Jo Allison Stasney, Linda M. Szuhy, Thompson Coe Cousins & Irons, Dallas, TX, for Plaintiff.

 

Ernest SkipE. Reynolds, III, Law Offices of Ernest (Skip) Reynolds, III, Fort Worth, TX, John Howell House, Jr., Burt Barr & Associates, Jerry Fazio, Jason E. Kipness, Owen & Fazio PC, Dallas, TX, for Defendants.

 

MEMORANDUM OPINION AND ORDER

SIDNEY A. FITZWATER, Chief Judge.

*1 In this declaratory judgment action, an insurer seeks a declaration that it does not owe its insured a duty to defend or indemnify, naming as defendants its insured and the two plaintiffs who have sued its insured in the underlying state court action. The two state court plaintiffs each move to dismiss under Fed.R.Civ.P. 12(b)(1) and (6). For the following reasons, the court denies the motions.

 

I

Plaintiff Vanliner Insurance Company (“Vanliner”) insures defendant Arpin America Moving Systems, LLC (“Arpin”) under a commercial general liability insurance policy. Defendants Greg DerMargosian (“Greg”) and Martina DerMargosian (“Martina”) (collectively, “the DerMargosians”) hired Arpin to pack their household items in preparation for a move from Texas to Dubai, U.A.E. The DerMargosians allegedly instructed Arpin regarding which items were to be packed and which were to remain at their residence, to which the DerMargosians intended to return in three years. According to the DerMargosians, Arpin erroneously packed a pistol, which was shipped by sea to Dubai with their other household goods; shortly after their move, Greg was called to Customs in U.A.E., was arrested, and his passport was seized; and Greg was charged with a crime, incarcerated, and forced to stand trial in U.A.E. The DerMargosians allege that Greg’s arrest resulted from the discovery of the pistol.

 

The DerMargosians filed a lawsuit against Arpin (“the DerMargosian lawsuit”) in Texas state court FN1 alleging claims for negligence, gross negligence, and violation of the Texas Deceptive Trade Practices–Consumer Protection Act and seeking compensatory and punitive damages. Vanliner then filed the instant declaratory judgment action against Arpin and the DerMargosians seeking a declaration that it has no duty to defend or indemnify Arpin in the DerMargosian lawsuit because the DerMargosians’ claims do not meet the terms of the policy’s insuring agreements.
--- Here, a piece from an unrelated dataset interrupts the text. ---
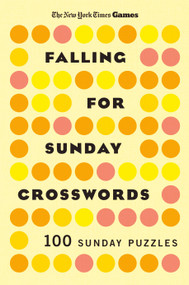 New York Times Games Falling for Sunday Crosswords (100 Sunday Puzzles) by The New York Times, Will Shortz, 9781250444516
The DerMargosians have filed nearly identical motions to dismiss the claims against them.FN2 They argue that, because they have neither sued nor entered into a contract with Vanliner, they are not otherwise in privity with Vanliner, and they do not possess a judgment or settlement that can be enforced against Vanliner, they are not proper parties to this lawsuit. The DerMargosians seek dismissal of Vanliner’s claims under Rule 12(b)(6), contending that Vanliner has failed to state a claim on which relief can be granted, and under Rule 12(b)(1), asserting that the court lacks subject matter jurisdiction. Vanliner opposes the motions.

 

FN1. Arpin removed the DerMargosian lawsuit to this court, but the case was remanded because the removal was untimely. See DerMargosian v. Arpin Am. Moving Sys., LLC, 2013 WL 787091, at *2 (N.D.Tex. Mar.4, 2013) (Fitzwater, C.J.).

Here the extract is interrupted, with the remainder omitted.